È sufficiente arrivare con la connettività nelle unità immobiliari per una piena digitalizzazione del Paese o servono anche altre leve?]
«Portare la rete in fibra nelle case degli italiani non è sufficiente. Per colmare il digital divide e rendere effettivo un diritto universale di accesso a Internet servono anche politiche di migrazione accelerate dal rame alla fibra. Il governo ha già introdotto alcune iniziative per favorire la migrazione utilizzando voucher per azzerare i costi di migrazione verso le reti ultra broadband. Tuttavia, i fondi della prima fase sono andati per la stragrande maggioranza, circa il 76%, a un solo operatore, generando effetti distorsivi della concorrenza. A breve, partirà la seconda fase che ci auguriamo possa ampliare al massimo la platea dei beneficiari andando al contempo a finanziare le tecnologie più performanti, cioè Ftth o equivalenti. È infatti impensabile che, in questa seconda fase, i fondi pubblici possano finanziare l’abbonamento a tecnologie in fase di superamento come quelle che ancora utilizzano il rame. Il mantenimento della precedente impostazione sarebbe in contraddizione con gli obiettivi del Piano Italia 1 Giga che il Governo sta definendo».
La vostra rete Ftth arriva nelle case anche nelle aree più remote, le cosiddette aree bianche?
«Sì, anche nelle aree bianche la rete Ftth arriva nelle case, ma gli ultimi metri sono realizzati solo al momento della richiesta del collegamento finale, per evitare di collegare unità immobiliari non abitate, che in queste zone sono estremamente numerose. Per gli ultimi metri non si utilizza alcuna risorsa pubblica ma vengono finanziati privatamente da Open Fiber, che poi richiede un prezzo per la prima connessione, la cui consistenza è verificata da AGCom. Le prime attivazioni del servizio richiedono un tempo maggiore di quello standard, ma le successive migrazioni avvengono in tempi estremamente rapidi. Si tratta di un modello analogo a quello utilizzato in Francia, dove però la rete si ferma inizialmente a una distanza dalle abitazioni maggiore rispetto all’Italia». 
Quali sono gli ostacoli allo sviluppo della rete?

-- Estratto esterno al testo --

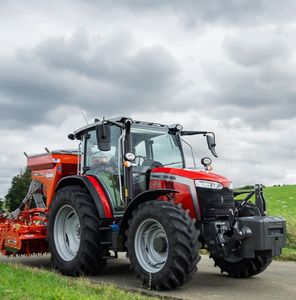 ค้นหาไอคอนที่คล้ายกัน รถแทรกเตอร์ล้อยาง Massey Ferguson MF 385 คุณภาพดี ใช้งานมาแล้ว 85 แรงม้า พร้อมหลังคาบังแดดและผานไถจาน 2WD มีสินค้าในสต็อก - Product Image 5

«Il roll-out della rete procede rapidamente nelle aree nere: in quattro anni abbiamo realizzato in queste zone connessioni fino alle case per 7 milioni di abitazioni su un target di 9,5 milioni, quindi siamo a oltre due terzi del percorso. Nelle aree bianche, la velocità di realizzazione della rete è risultata meno rapida in quanto dobbiamo seguire le regole di diritto pubblico del codice appalti, inoltre, ci sono spesso tempi molto lunghi per il rilascio di permessi da parte dei numerosi enti coinvolti, in media fino a 250 giorni. Anche con queste difficoltà operiamo con l’obiettivo di rimanere i leader indiscussi della fibra ottica in Italia».